British politician (born 1976)

Belinda Claire De Camborne Lucy (born 15 October 1976) is a British politician who was Reform UK's Education and Families spokesperson from 2023–2026. She was previously a Brexit Party Member of the European Parliament (MEP) for South East England from 2019 to 2020. In the European Parliament, she was a member of the Committee on Women's Rights and Gender Equality, and part of the delegation to the EU–Russia Parliamentary Cooperation Committee.

==Early life==
Belinda Claire De Camborne Lucy was born in Sheffield, South Yorkshire, on 15 October 1976. Her great-grandfather was Edward Selby Little, a missionary in China, and a co-founder of the resort town of Guling, Jiujiang.

==Political career==
In the 2016 United Kingdom European Union membership referendum de Lucy campaigned for Brexit with the Leave Means Leave and Ladies for Leave groups. In the 2019 European parliamentary election she stood as a candidate for the Brexit Party in the South East England constituency. She was fourth on her party's list and was elected as one of its four MEPs in the constituency. In the European Parliament she was a member of the Committee on Women's Rights and Gender Equality, and part of the delegation to the EU–Russia Parliamentary Cooperation Committee.

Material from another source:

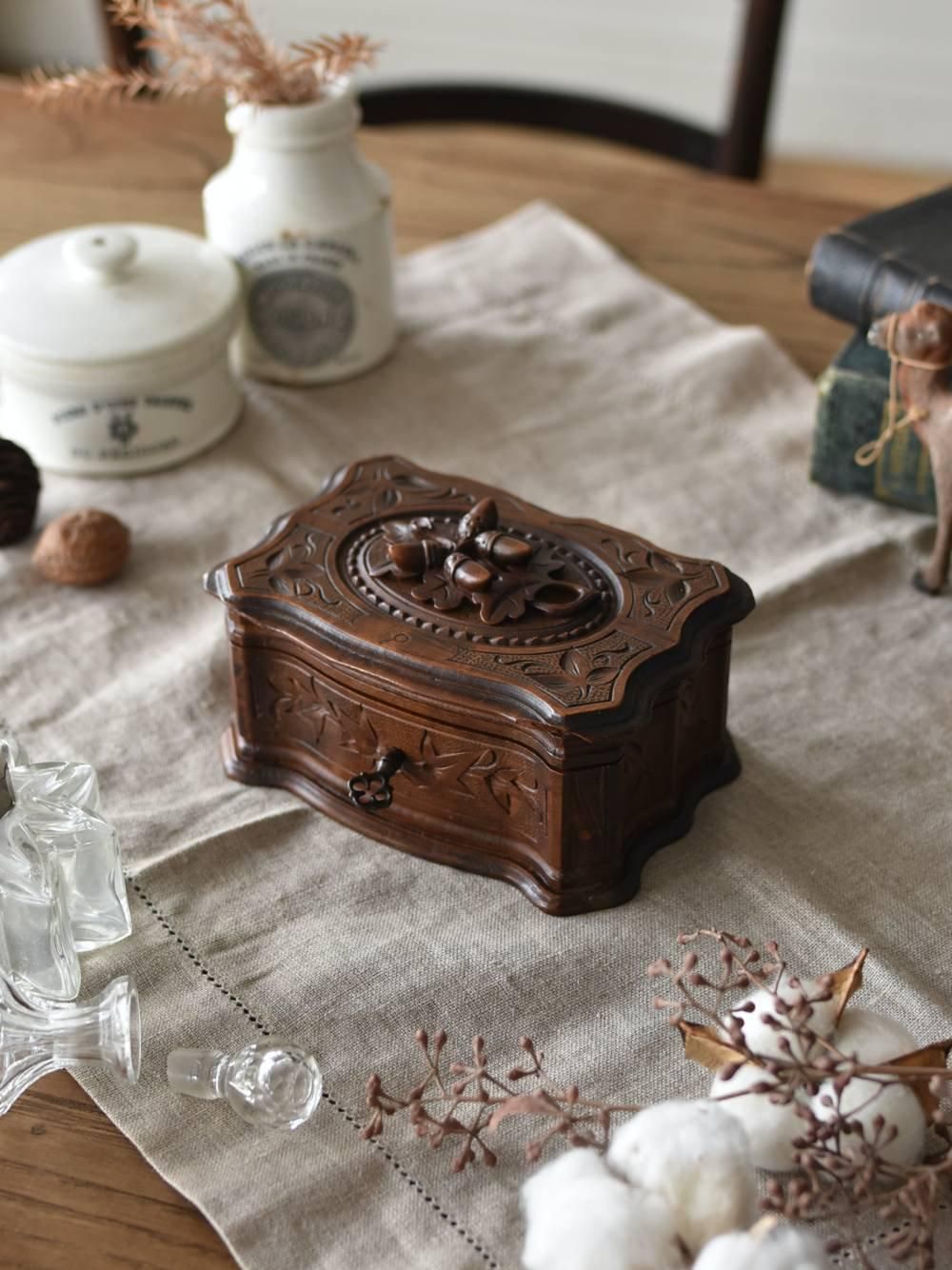 アンティークボックス.木の実 フランス アンティーク 木箱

In March 2023 de Lucy was appointed as Education and Families spokesperson for Reform UK (successor to the Brexit Party). She was replaced in this role by Suella Braverman in February 2026 following Braverman's defection to Reform UK from the Conservative Party the previous month.

==Personal life==
De Lucy is married to Raymond McKeeve and they have four children. McKeeve is a senior partner at corporate firm Dial Partners. He was a senior advisor at the legal firm Avonhurst, group chief transaction and legal officer at Cingo Global, and a part-time senior advisor and non-executive director at Azura Partners, and a private equity specialist and corporate finance partner at the law firm Jones Day. Avonhurst was set up by a former Jones Day partner in July 2019. McKeeve had left Jones Day in 2020 after being accused of contempt of court. The charge stemmed from his advice to one of the founders of Ocado to "burn" a messaging application after receiving a High Court search order in July 2019. He denied the charge but suggested that he had done so to protect his wife from potential litigation. McKeeve was subsequently fined £25,000 and ordered to pay a further £610,353 in legal costs to Ocado in October 2022 after being found guilty of contempt of court in August 2022.

De Lucy was a trustee of the charity Give Us Time, which was founded by former Secretary of State for Defence Liam Fox in 2012.